Market Watch - November 24, 2006
Dr. and Mrs. Millhalf’s grandchildren’s portfolio has passed its first anniversary with very good results. Their portfolio is up 14.2% in the first year. During that same time the Dow Jones Industrial Average was up 14.4%. The Millhalf’s original goals were to invest $500,000 for their grandchildren in A-rated securities. They were interested in purchasing companies that paid a high dividend yield and that dominated their industries. Their dream is to see their grandchildren’s money grow at 15% a year.
DR. (Ret.)
and Mrs. MILLHALF'S PORTFOLIO November 2005 - November 2006 |
||
November
2005 |
November
2006 |
|
Bank
of America (BAC) |
$52,864 |
$64,505 |
Gold
Fund (GLD) |
$51,891 |
$64,795 |
Pfizer (PFE) |
-0- |
$58,310 |
U.S. Tobacco
(UST) |
$49,325 |
$73,360 |
Money Market Fund |
$350,003 |
$309,880 |
Total Portfolio Value | $504,083 |
$570,850 |
Dow Jones Industrials | 10,700 pts. |
12,250 pts. |
Mrs. Millhalf: I
remember when we started this a year ago and Market Watch pointed
out that the Dow gained an average return for investors of about
10.5% since World War II. Our 14.2% return beats the long term average.
But, last year the portfolio gained less than the Dow Jones Industrial
Average.
Market Watch: The
Dow is only a tool to gauge ones overall investment gain against
the 30 most dominant companies in the world. To compare your portfolio
with the Dow would require taking the Tax Free Bonds out of your
portfolio so just the stocks in the portfolio could be compared
to the Dow.
Dr. Millhalf: More
than 50% of our portfolio is still in tax free securities and not
invested in stocks. The “tax frees” have only increased
in value from interest payments of about 4%. So the stocks in our
portfolio must have out performed the Dow stocks.
Market Watch: You
are correct. Your stocks were up 38% as compared to the Dow stocks
that were up 14%. Also, your gold investments gained 30%.
Mrs. Millhalf: I
have heard the expression that “cash is trash”. With
returns like this, why don’t we get rid of all our money market
cash and buy more stocks.
Market Watch: When
you started investing in this portfolio, you pointed out how important
you felt it was to be invested safely. You and Dr. Millhalf decided
that you would use the tried and true Dow Theory of value investing
and apply that theory to securities as Warren Buffet has applied
it. Mr. Buffet’s philosophy is to buy larger positions in
great, but fewer, companies. Using that theory of investment, last
year there were not many undervalued securities available that met
your requirements as dominant companies in their industry that paid
a high cash dividend, and that were selling below their historical
price earnings average.

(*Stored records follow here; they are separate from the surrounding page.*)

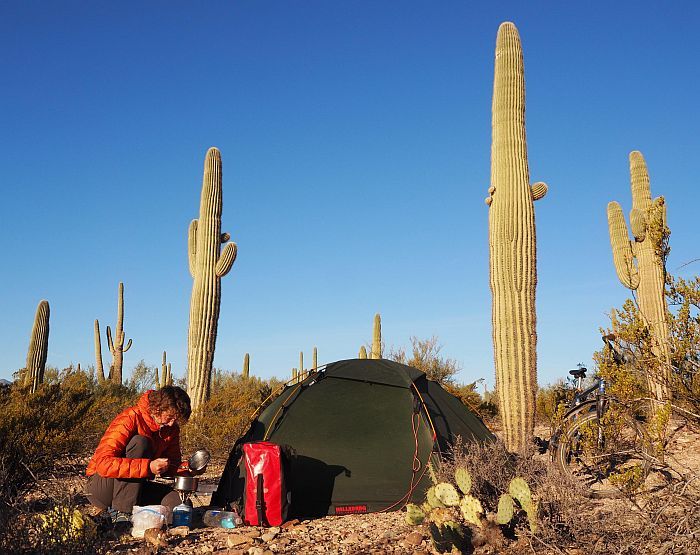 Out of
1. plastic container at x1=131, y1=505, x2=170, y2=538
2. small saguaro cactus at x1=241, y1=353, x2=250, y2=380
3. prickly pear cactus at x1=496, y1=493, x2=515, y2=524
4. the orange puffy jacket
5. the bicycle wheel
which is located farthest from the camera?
small saguaro cactus at x1=241, y1=353, x2=250, y2=380

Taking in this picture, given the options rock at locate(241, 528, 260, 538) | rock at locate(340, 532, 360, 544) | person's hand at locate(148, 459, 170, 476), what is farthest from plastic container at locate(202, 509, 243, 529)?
rock at locate(340, 532, 360, 544)

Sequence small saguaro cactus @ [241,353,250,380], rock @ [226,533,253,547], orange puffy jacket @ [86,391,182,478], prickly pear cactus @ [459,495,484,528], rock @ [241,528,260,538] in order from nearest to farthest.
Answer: prickly pear cactus @ [459,495,484,528]
rock @ [226,533,253,547]
rock @ [241,528,260,538]
orange puffy jacket @ [86,391,182,478]
small saguaro cactus @ [241,353,250,380]

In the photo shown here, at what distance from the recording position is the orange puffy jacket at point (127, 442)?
552 centimetres

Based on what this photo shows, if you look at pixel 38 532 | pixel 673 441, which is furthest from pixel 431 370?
pixel 38 532

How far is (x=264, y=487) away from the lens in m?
5.87

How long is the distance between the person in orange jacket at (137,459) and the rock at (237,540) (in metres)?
0.86

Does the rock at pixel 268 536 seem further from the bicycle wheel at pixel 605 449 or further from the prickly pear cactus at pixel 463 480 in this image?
the bicycle wheel at pixel 605 449

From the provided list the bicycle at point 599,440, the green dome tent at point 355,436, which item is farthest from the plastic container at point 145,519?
the bicycle at point 599,440

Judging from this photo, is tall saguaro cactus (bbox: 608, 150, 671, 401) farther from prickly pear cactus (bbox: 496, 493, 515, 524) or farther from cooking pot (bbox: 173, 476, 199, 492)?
cooking pot (bbox: 173, 476, 199, 492)

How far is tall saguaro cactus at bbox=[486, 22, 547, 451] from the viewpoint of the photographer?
8844 millimetres

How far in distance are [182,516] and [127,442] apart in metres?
0.77

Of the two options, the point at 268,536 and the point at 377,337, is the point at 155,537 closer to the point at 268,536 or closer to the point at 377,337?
the point at 268,536

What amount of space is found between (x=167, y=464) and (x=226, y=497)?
4.05 feet

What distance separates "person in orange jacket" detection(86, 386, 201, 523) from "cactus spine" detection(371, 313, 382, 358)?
12003mm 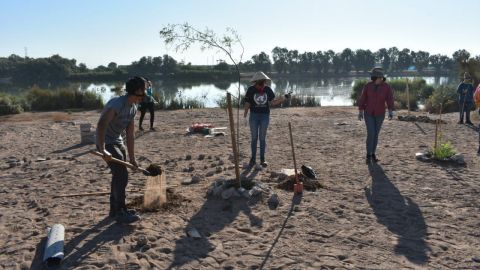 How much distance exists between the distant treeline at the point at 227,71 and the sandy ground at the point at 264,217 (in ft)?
39.9

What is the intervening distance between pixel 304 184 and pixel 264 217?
4.30 feet

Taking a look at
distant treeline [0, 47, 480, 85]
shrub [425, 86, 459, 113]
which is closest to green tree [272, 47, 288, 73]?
distant treeline [0, 47, 480, 85]

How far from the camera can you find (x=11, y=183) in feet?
21.5

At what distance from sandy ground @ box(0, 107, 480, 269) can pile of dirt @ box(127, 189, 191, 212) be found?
0.16 feet

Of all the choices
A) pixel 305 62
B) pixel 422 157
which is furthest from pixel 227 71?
pixel 305 62

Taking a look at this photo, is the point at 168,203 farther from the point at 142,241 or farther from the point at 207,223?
the point at 142,241

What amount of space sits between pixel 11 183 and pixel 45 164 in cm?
138

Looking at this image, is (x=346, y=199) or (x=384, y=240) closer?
(x=384, y=240)

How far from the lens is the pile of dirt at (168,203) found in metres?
5.05

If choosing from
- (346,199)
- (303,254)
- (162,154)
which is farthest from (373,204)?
(162,154)

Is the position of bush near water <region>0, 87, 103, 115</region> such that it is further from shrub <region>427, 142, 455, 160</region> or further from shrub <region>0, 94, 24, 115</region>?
shrub <region>427, 142, 455, 160</region>

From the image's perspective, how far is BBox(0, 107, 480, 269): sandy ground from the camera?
3838 mm

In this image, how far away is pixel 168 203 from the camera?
5.25 m

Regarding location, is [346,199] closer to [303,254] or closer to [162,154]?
[303,254] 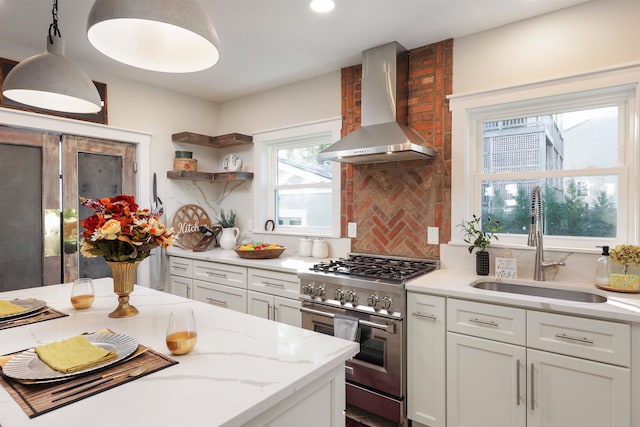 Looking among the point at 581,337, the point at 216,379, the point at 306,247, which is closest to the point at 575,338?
the point at 581,337

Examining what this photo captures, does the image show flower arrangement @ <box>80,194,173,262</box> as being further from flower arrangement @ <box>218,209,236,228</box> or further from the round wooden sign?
flower arrangement @ <box>218,209,236,228</box>

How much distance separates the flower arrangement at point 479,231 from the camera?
2.44 metres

You have accumulated some fantastic companies.
These industries were undervalued last year: banks, tobacco stocks
and drug stocks. You own one of the best companies in each industry,
and you purchased them at the right price.
Mrs. Millhalf: Will
we be able to find some more good securities this year?
Market Watch: One
never knows. The only thing an investor can do is establish their
own criteria as you have, and then stick with that criteria rigidly.
When these top stocks become available, buy them. But wait until
they become available based upon your investment parameters.
Mrs. Millhalf: I
just worry that we might miss the market—no pun intended.
How much higher can the market go? It’s already exceeded records
set in the year 2000. It’s over 12,000, and it seems to be
gaining every day.
Market Watch: It’s
possible you could miss a big surge in stock values. Such a surge,
however, is unlikely as the market is currently hovering at price
earnings ratios equal to its all-time highs. By purchasing stocks
now that do not meet your criteria, your portfolio is exposed to
a greater potential degree of loss should the market turn around
in a direction towards its average long term values. With all the
negative economic problems existing today, which we have discussed
in the past, the market could go down quickly in the event of any
one, or more, of these looming economic catastrophes materializing.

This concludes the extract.